## Requirement:
For the entries that follow, retype exactly the lines from the one containing "For more information" to the one containing "You can also", inclusive, and only those. Images stay out of the copy.

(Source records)
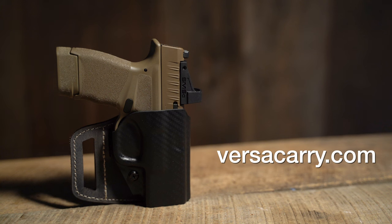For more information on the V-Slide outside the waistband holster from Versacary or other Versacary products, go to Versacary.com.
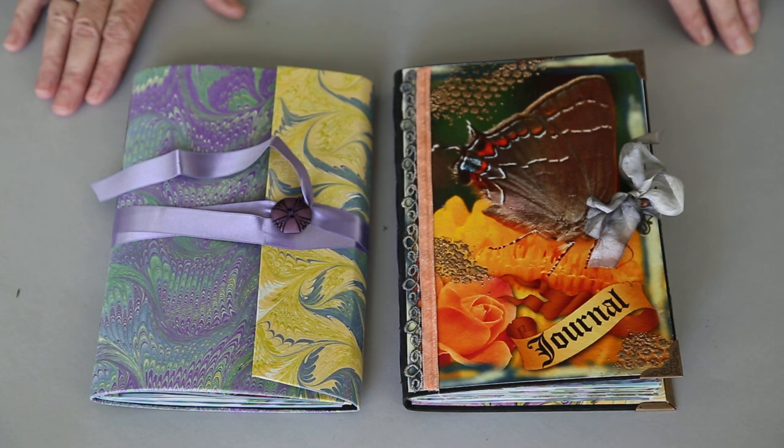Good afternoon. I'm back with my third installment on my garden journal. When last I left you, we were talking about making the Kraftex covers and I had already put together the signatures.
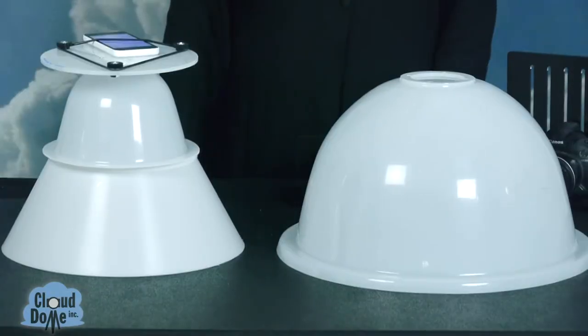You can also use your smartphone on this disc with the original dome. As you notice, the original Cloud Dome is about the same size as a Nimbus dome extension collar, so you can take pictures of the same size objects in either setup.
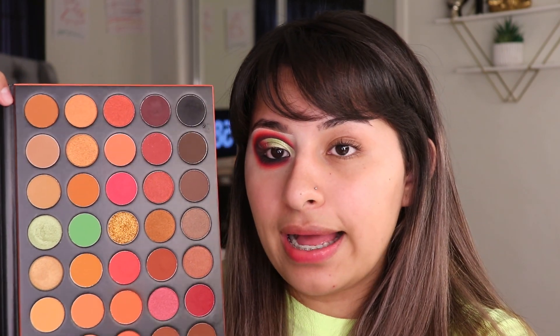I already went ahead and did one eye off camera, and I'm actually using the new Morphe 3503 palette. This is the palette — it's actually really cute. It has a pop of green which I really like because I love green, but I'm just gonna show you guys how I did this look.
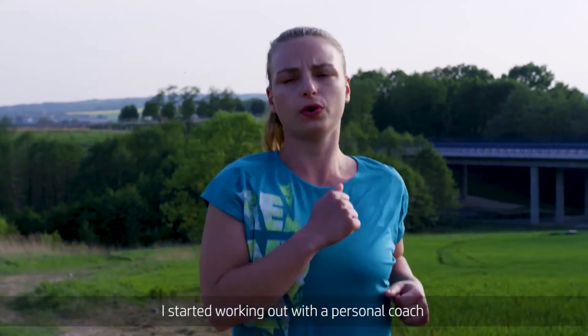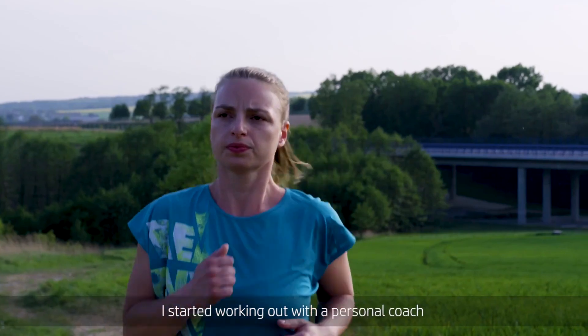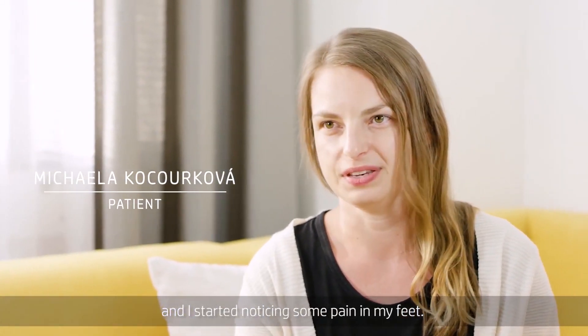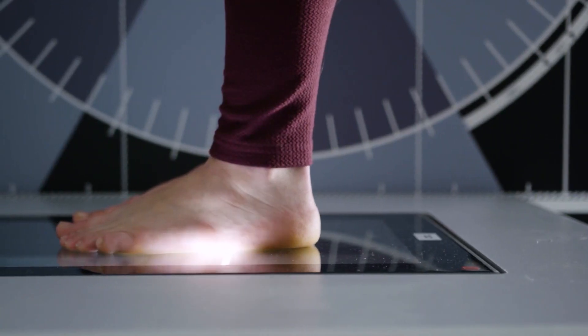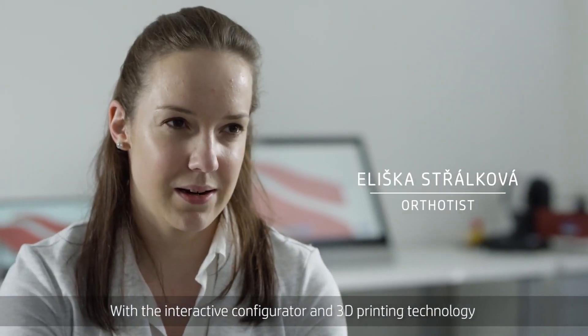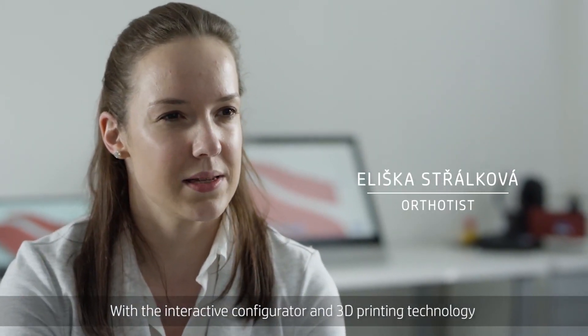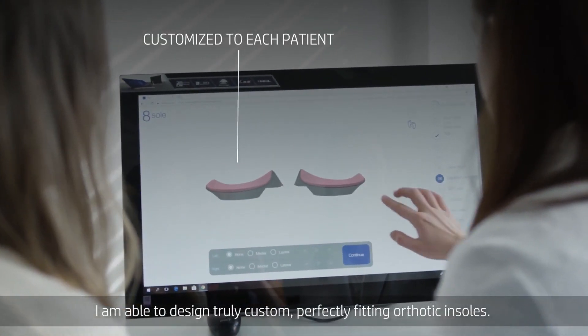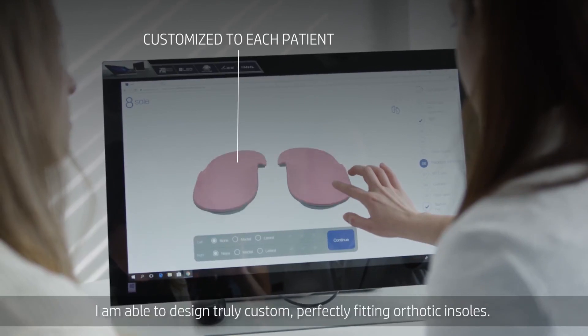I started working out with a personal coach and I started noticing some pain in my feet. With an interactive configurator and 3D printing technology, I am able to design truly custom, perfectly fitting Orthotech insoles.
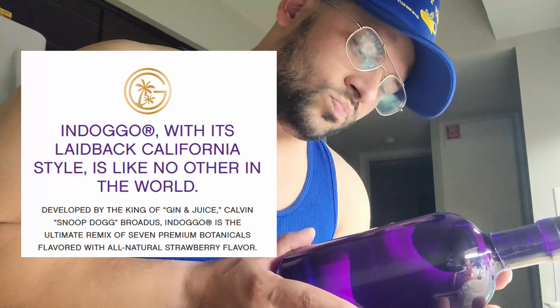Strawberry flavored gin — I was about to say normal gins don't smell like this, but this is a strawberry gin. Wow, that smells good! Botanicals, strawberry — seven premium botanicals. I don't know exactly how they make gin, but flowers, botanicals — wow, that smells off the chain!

---

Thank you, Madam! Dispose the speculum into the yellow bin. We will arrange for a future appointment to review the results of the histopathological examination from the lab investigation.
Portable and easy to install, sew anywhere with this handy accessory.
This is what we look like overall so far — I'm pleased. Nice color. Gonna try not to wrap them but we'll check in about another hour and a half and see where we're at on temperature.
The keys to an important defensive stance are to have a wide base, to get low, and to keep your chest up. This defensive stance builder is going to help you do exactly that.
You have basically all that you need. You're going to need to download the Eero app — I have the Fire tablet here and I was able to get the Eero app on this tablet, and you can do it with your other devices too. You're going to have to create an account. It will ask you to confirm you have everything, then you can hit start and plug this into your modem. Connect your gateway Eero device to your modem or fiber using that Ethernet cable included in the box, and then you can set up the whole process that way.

## Exercise answer:
For more information on the V-Slide outside the waistband holster from Versacary or other Versacary products, go to Versacary.com.
Good afternoon. I'm back with my third installment on my garden journal. When last I left you, we were talking about making the Kraftex covers and I had already put together the signatures.
You can also use your smartphone on this disc with the original dome. As you notice, the original Cloud Dome is about the same size as a Nimbus dome extension collar, so you can take pictures of the same size objects in either setup.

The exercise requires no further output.